==== Supplied data ====

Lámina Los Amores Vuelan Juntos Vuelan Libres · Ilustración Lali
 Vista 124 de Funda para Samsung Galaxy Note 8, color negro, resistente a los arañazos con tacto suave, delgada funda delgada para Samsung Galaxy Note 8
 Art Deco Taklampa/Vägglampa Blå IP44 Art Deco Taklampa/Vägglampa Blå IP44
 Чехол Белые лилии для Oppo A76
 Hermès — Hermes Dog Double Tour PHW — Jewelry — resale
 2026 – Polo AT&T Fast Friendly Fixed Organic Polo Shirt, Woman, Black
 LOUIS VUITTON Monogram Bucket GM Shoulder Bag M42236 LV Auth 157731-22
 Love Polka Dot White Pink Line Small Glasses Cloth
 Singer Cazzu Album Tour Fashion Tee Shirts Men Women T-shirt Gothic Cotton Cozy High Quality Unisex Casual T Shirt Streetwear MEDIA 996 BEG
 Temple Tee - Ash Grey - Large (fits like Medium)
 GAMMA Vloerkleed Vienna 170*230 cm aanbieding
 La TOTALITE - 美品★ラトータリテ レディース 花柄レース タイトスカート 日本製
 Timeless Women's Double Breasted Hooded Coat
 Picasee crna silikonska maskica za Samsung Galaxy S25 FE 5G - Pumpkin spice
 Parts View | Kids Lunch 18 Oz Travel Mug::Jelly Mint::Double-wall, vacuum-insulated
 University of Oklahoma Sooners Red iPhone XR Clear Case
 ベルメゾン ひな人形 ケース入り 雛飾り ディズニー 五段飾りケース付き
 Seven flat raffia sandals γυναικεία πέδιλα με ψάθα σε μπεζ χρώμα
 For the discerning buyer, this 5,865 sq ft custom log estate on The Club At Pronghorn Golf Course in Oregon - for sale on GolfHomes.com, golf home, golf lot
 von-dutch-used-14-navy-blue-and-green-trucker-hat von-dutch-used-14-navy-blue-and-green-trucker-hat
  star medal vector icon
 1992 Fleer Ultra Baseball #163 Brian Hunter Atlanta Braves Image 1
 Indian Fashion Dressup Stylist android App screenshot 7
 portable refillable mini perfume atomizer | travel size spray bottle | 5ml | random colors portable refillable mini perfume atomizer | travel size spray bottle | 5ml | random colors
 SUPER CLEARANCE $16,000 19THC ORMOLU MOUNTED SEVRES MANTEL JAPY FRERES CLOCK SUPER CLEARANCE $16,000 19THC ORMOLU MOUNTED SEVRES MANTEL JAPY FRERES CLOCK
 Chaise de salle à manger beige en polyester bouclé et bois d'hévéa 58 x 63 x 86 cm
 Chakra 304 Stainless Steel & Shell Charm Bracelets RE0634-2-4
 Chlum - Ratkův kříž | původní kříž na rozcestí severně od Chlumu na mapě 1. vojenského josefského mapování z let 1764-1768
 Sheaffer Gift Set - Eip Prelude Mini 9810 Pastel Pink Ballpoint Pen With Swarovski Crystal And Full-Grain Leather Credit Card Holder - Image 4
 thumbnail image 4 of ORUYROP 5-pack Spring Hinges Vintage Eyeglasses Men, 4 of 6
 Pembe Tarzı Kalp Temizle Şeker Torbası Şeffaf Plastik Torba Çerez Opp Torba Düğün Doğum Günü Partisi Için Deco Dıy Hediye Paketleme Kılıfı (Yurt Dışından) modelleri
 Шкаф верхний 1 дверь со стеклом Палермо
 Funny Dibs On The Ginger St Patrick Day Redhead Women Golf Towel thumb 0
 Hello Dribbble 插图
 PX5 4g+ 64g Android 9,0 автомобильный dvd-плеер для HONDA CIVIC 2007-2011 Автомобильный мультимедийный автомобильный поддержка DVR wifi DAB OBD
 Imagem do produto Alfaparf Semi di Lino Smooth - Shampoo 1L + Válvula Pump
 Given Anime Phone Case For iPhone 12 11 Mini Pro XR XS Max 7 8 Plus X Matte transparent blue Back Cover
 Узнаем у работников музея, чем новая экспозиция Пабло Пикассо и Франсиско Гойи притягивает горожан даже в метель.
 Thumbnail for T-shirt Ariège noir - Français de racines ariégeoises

====

• **Task to carry out**: Go to the line with "PX5 4g+ 64g" in the entries above and repeat every line from there through the line with "Imagem do produto", exactly and with no other text.

• **Answer**:
 PX5 4g+ 64g Android 9,0 автомобильный dvd-плеер для HONDA CIVIC 2007-2011 Автомобильный мультимедийный автомобильный поддержка DVR wifi DAB OBD
 Imagem do produto Alfaparf Semi di Lino Smooth - Shampoo 1L + Válvula Pump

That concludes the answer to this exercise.